[Crawled caption data]
*** Block opens ***
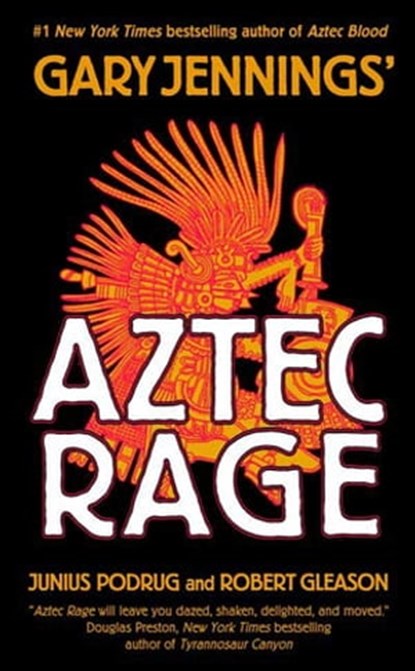 Aztec Rage, Gary Jennings ; Robert Gleason ; Junius Podrug - Ebook - 9781429912570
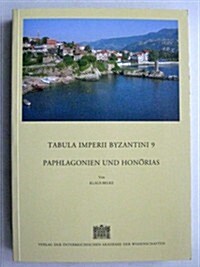 Tabula Imperii Byzantini / Paphlagonien Und Honorias (Paperback)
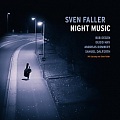 CD SVEN FALLER – NIGHT MUSIC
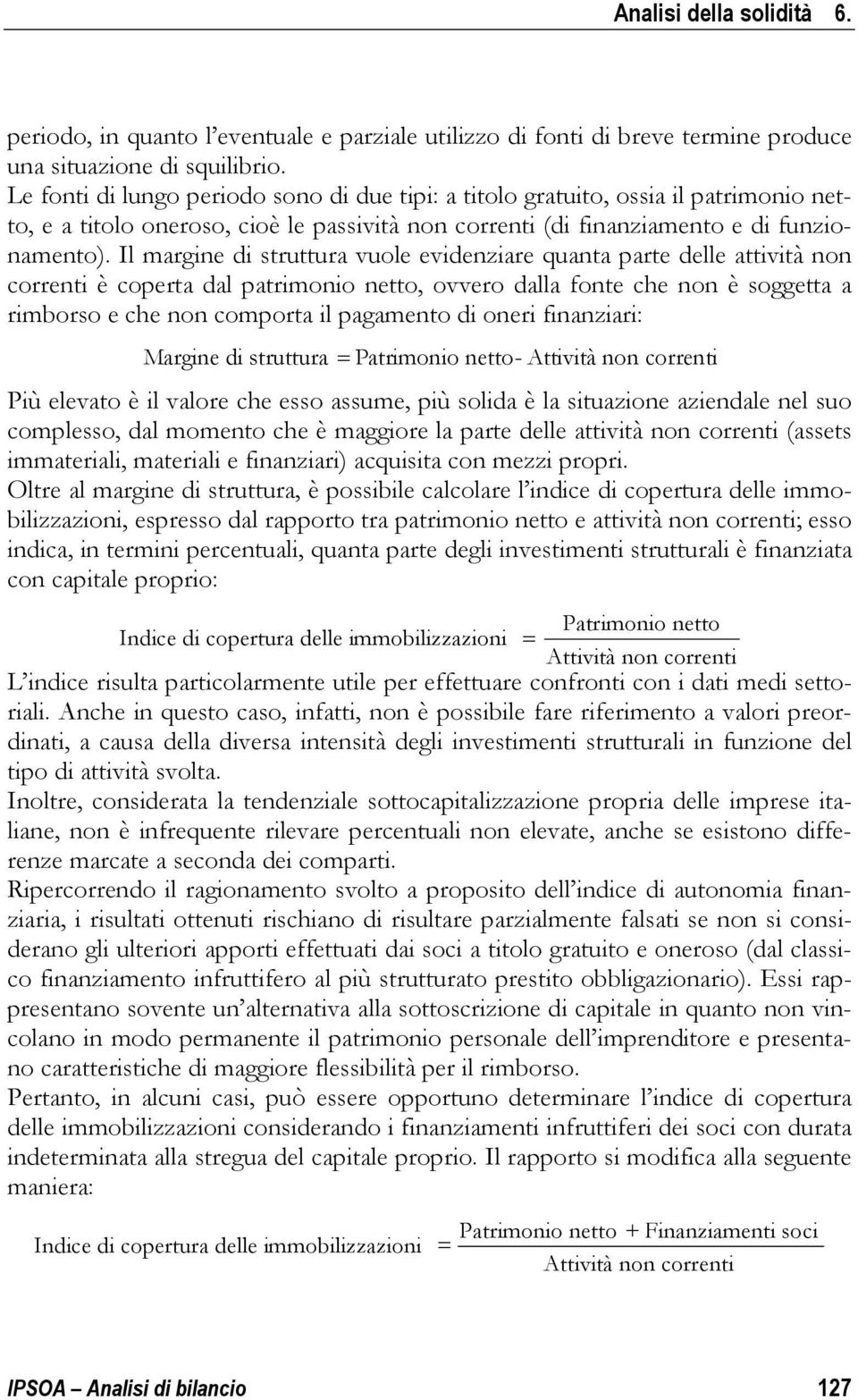 Il margine di struttura vuole evidenziare quanta parte delle attività non è coperta dal patrimonio netto, ovvero dalla fonte che non è soggetta a rimborso e che non comporta il pagamento di oneri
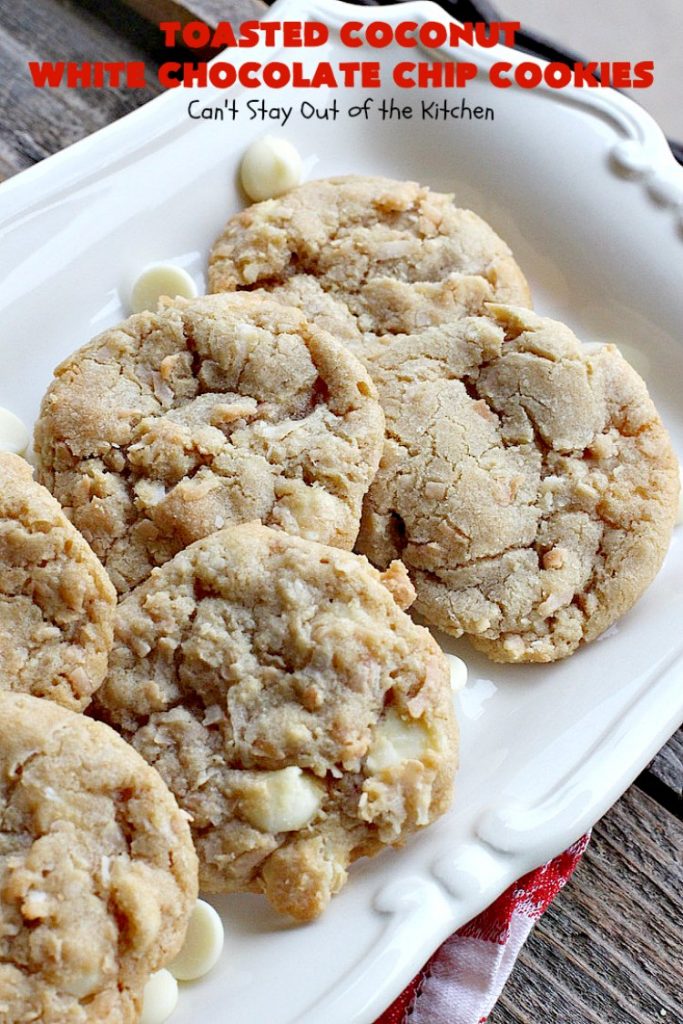 Toasted Coconut White Chocolate Chip Cookies | Can't Stay Out of the Kitchen | these delicious #cookies are terrific any time you need a #dessert for #tailgating parties, potlucks or backyard #BBQs. Even kids love these heavenly cookies. #coconut #chocolate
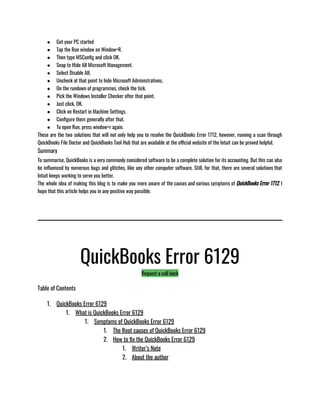 ● Get your PC started 
● Tap the Run window on Window+R. 
● Then type MSConfig and click OK. 
● Snap to Hide All Microsoft Management. 
● Select Disable All. 
● Uncheck at that point to hide Microsoft Administrations. 
● On the rundown of programmes, check the tick. 
● Pick the Windows Installer Checker after that point. 
● Just click, OK. 
● Click on Restart in Machine Settings. 
● Configure them generally after that. 
● To open Run, press window+r again.
These are the two solutions that will not only help you to resolve the QuickBooks Error 1712, however, running a scan through
QuickBooks File Doctor and QuickBooks Tool Hub that are available at the official website of the Intuit can be proved helpful. 
Summary
To summarise, QuickBooks is a very commonly considered software to be a complete solution for its accounting. But this can also
be influenced by numerous bugs and glitches, like any other computer software. Still, for that, there are several solutions that
Intuit keeps working to serve you better. 
The whole idea of making this blog is to make you more aware of the causes and various symptoms of QuickBooks Error 1712. I
hope that this article helps you in any positive way possible. 
QuickBooks Error 6129
Request a call back
Table of Contents
1. QuickBooks Error 6129
1. What is QuickBooks Error 6129
1. Symptoms of QuickBooks Error 6129
1. The Root causes of QuickBooks Error 6129
2. How to fix the QuickBooks Error 6129
1. Writer’s Note
2. About the author
 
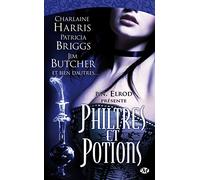 Anthologie Bit-lit : Philtres et potions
*** Block closes ***
◆ TASK DIRECTIONS: Every line above that holds the string "after" should be copied into the answer.

◆ REPLY TO THE TASK:
● Pick the Windows Installer Checker after that point. 
● Configure them generally after that. 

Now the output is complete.